▸ TASK ITEM:
This exercise calls for retyping every line below exactly, with the images omitted.

Stored dataset items
----------

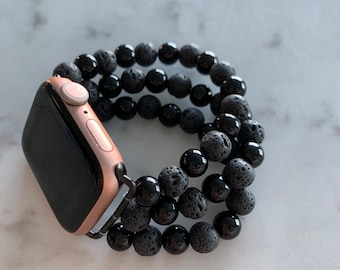 All blackout Apple, Fitbit Versa 1 2 & 3, Fitbit Sense, Samsung Galaxy watch band// Compatible with all Apple Watch series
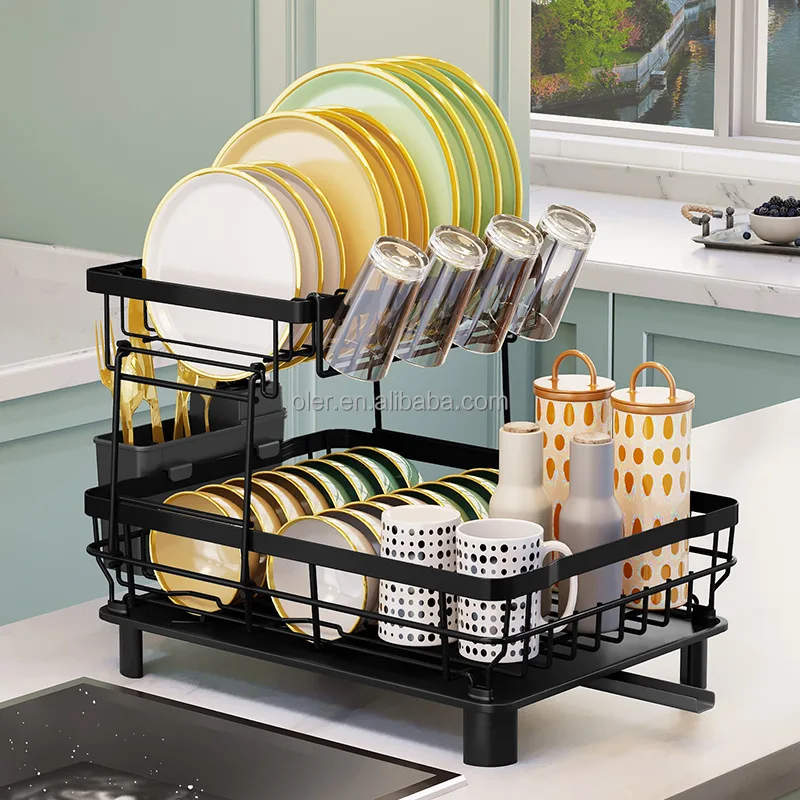 Dish Drying Washing Basin Dish Drainer Racks With Cutlery Drainboard Kitchen Countertop Cutlery Rack And Knife Dish Rack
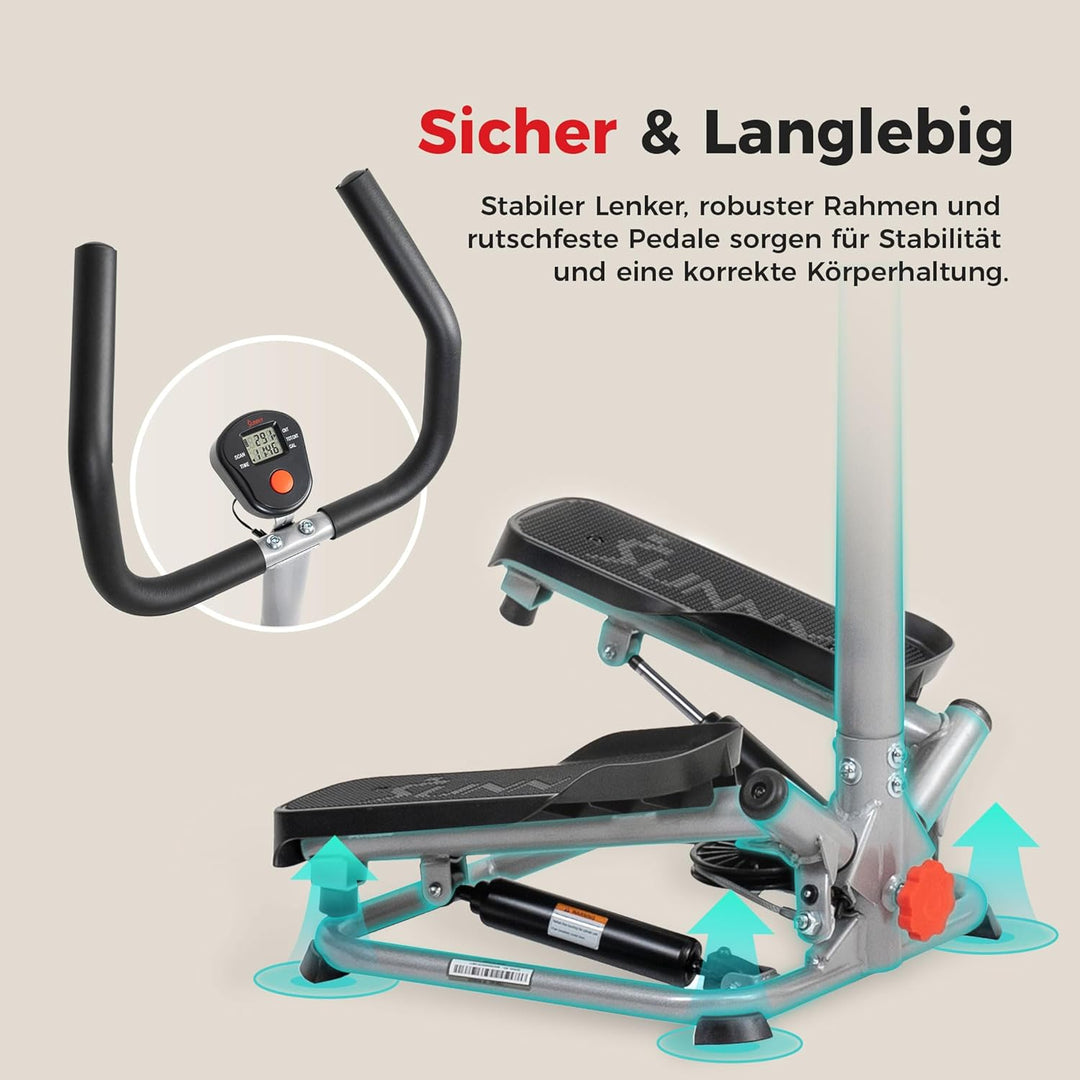 Sunny Health &amp; Fitness Twist Stepper für zuhause, Low-Impact Übung Stepper für Ganzkörpertraining, O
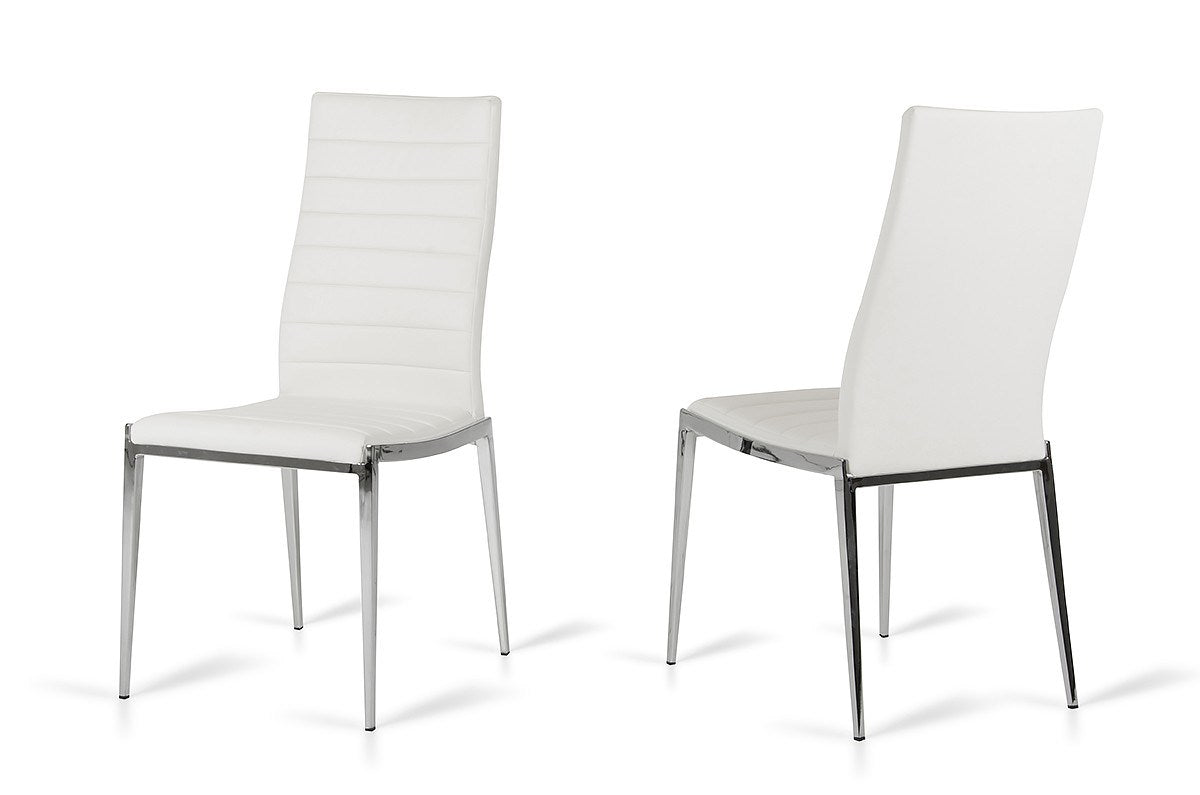 Libby - Modern White Leatherette Dining Chair (Set of 2)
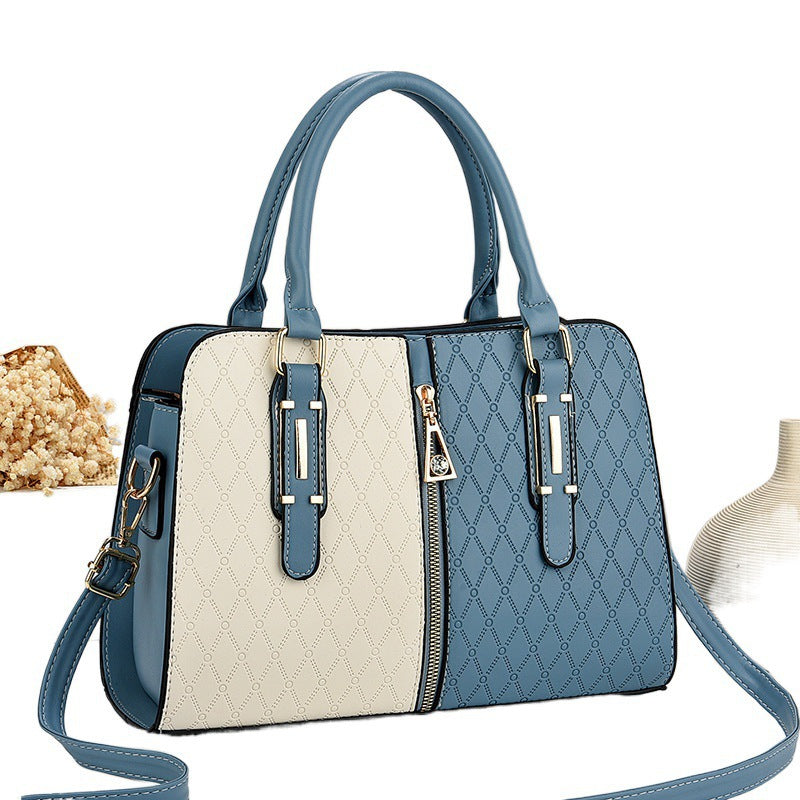 Women's Color Block Large Tote Handbag | PU Leather Adjustable Shoulder Bag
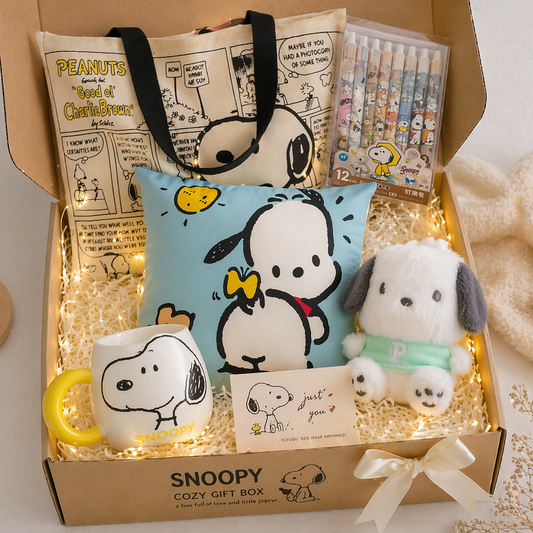 Snoopy Cozy Hamper – Aesthetic Cute Gift Box with one Mug, Cushion, Tote bag, Pen set & Plushie keychain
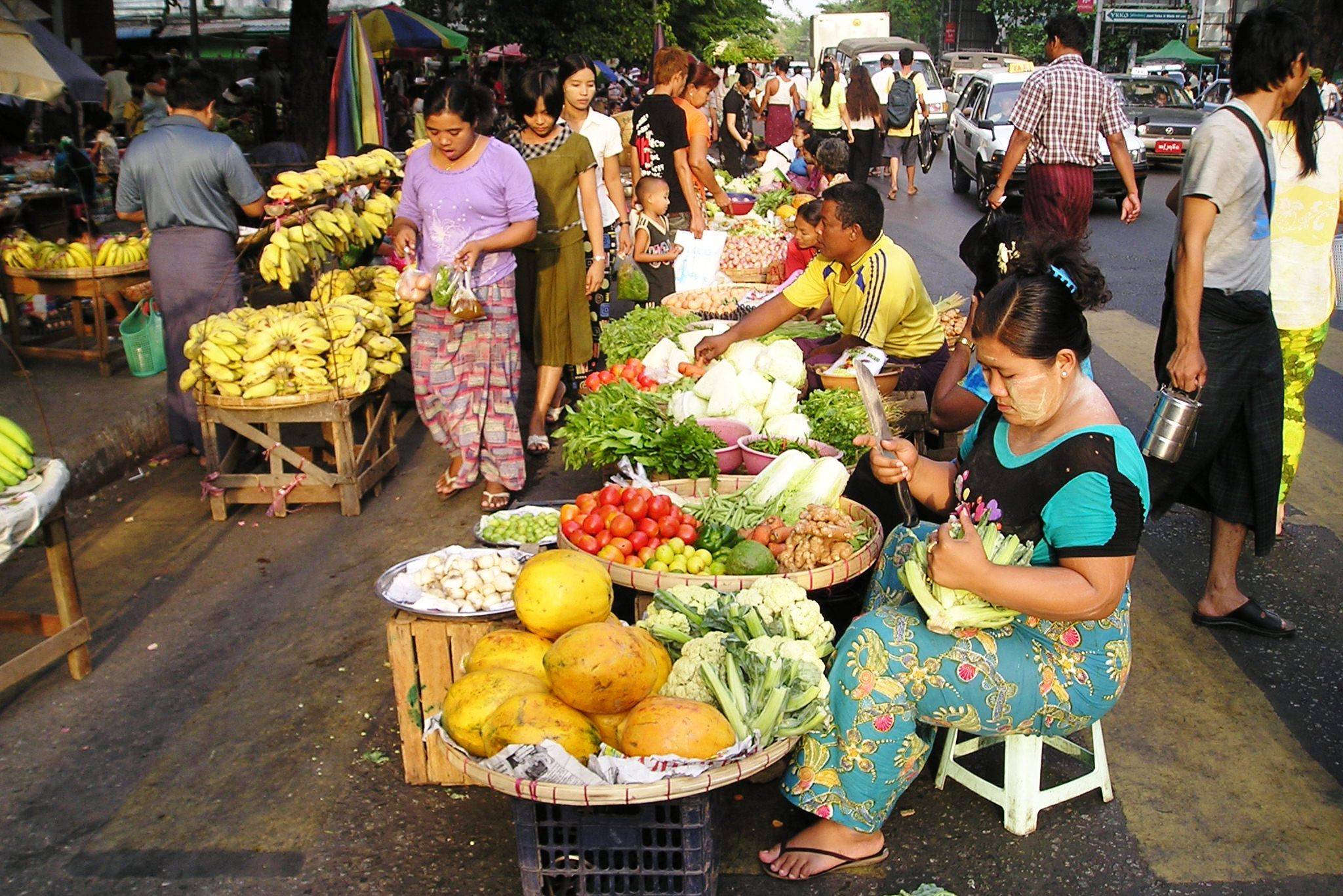 Lokale markt in Yangon Myanmar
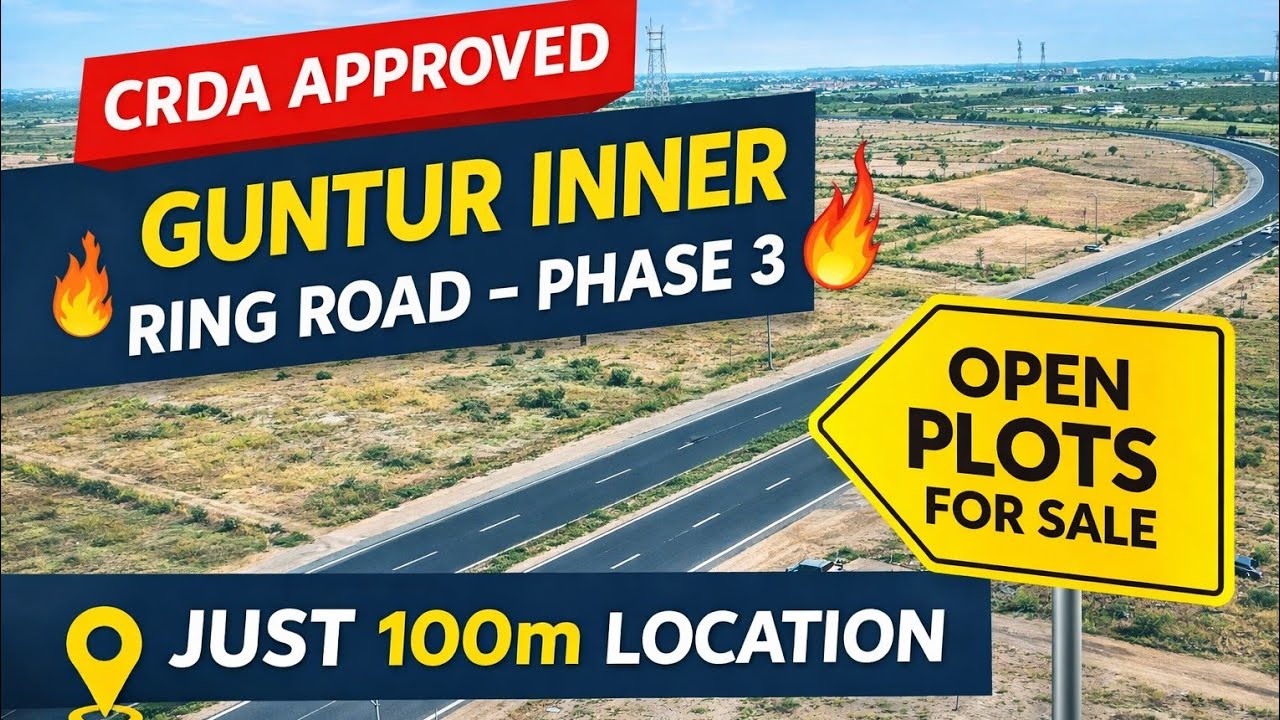 Open Plots for Sale in Guntur Inner Ring Road Phase-3Just 100m | AP CRDA Approved 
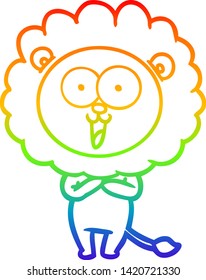 dibujo de una línea de gradiente de arco iris de un feliz león de caricatura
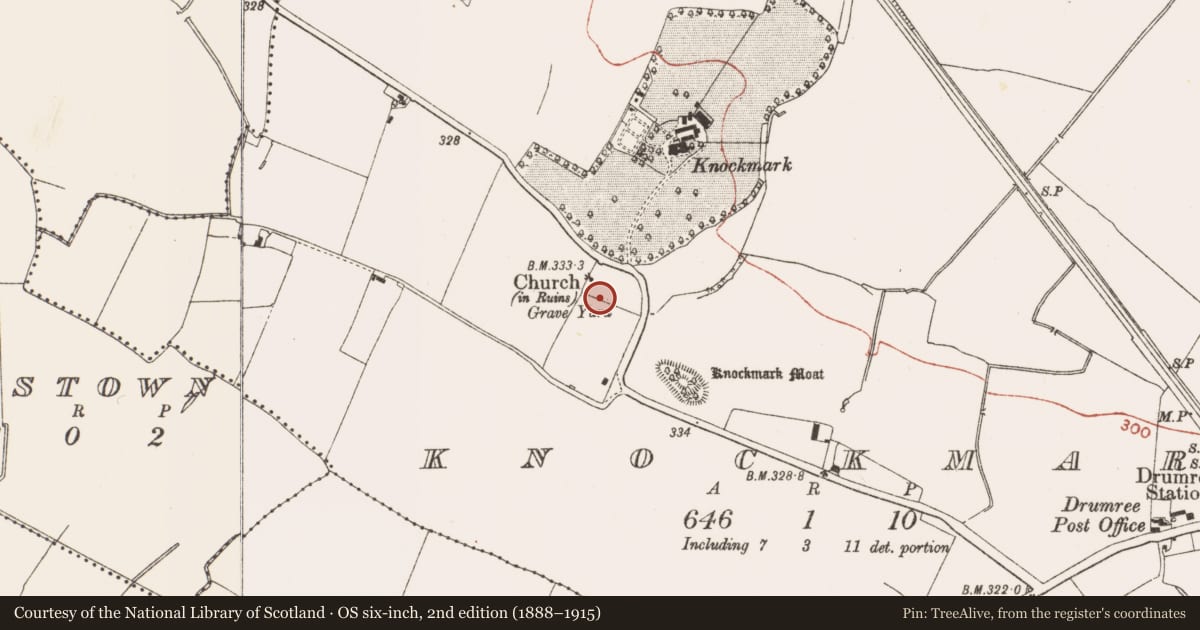 Ordnance Survey six-inch map, 2nd edition (1888–1915) covering the location of Graveyard, Knockmark, County Meath, with a pin at the register's coordinates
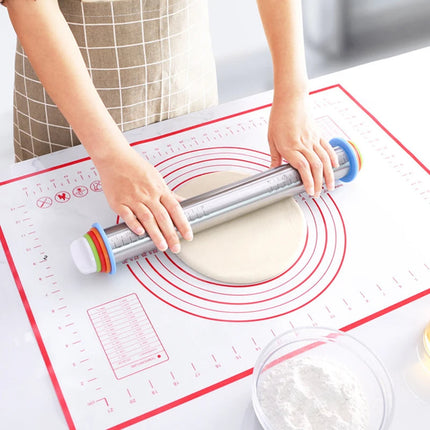 Adjustable Rolling Pin with Thickness Rings, Stainless Steel Rolling Pin for Baking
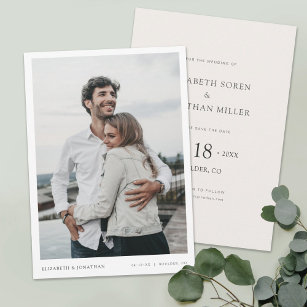 Simple Stylish Modern Photo Wedding Save the Date Invitation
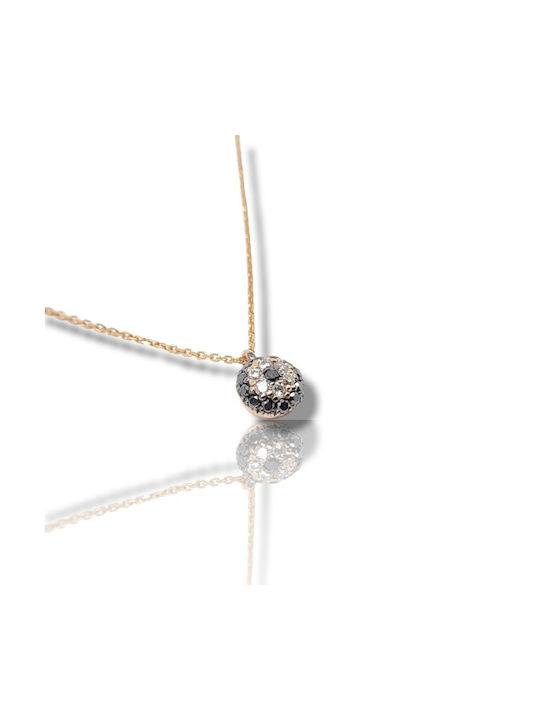 Mentzos Necklace Eye from Rose Gold 18k with Diamond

----------

▸ EXERCISE RESPONSE:
 All blackout Apple, Fitbit Versa 1 2 & 3, Fitbit Sense, Samsung Galaxy watch band// Compatible with all Apple Watch series
 Dish Drying Washing Basin Dish Drainer Racks With Cutlery Drainboard Kitchen Countertop Cutlery Rack And Knife Dish Rack
 Sunny Health &amp; Fitness Twist Stepper für zuhause, Low-Impact Übung Stepper für Ganzkörpertraining, O
 Libby - Modern White Leatherette Dining Chair (Set of 2)
 Women's Color Block Large Tote Handbag | PU Leather Adjustable Shoulder Bag
 Snoopy Cozy Hamper – Aesthetic Cute Gift Box with one Mug, Cushion, Tote bag, Pen set & Plushie keychain
 Lokale markt in Yangon Myanmar
 Open Plots for Sale in Guntur Inner Ring Road Phase-3Just 100m | AP CRDA Approved 
 dibujo de una línea de gradiente de arco iris de un feliz león de caricatura
 Ordnance Survey six-inch map, 2nd edition (1888–1915) covering the location of Graveyard, Knockmark, County Meath, with a pin at the register's coordinates
 Adjustable Rolling Pin with Thickness Rings, Stainless Steel Rolling Pin for Baking
 Simple Stylish Modern Photo Wedding Save the Date Invitation
 Mentzos Necklace Eye from Rose Gold 18k with Diamond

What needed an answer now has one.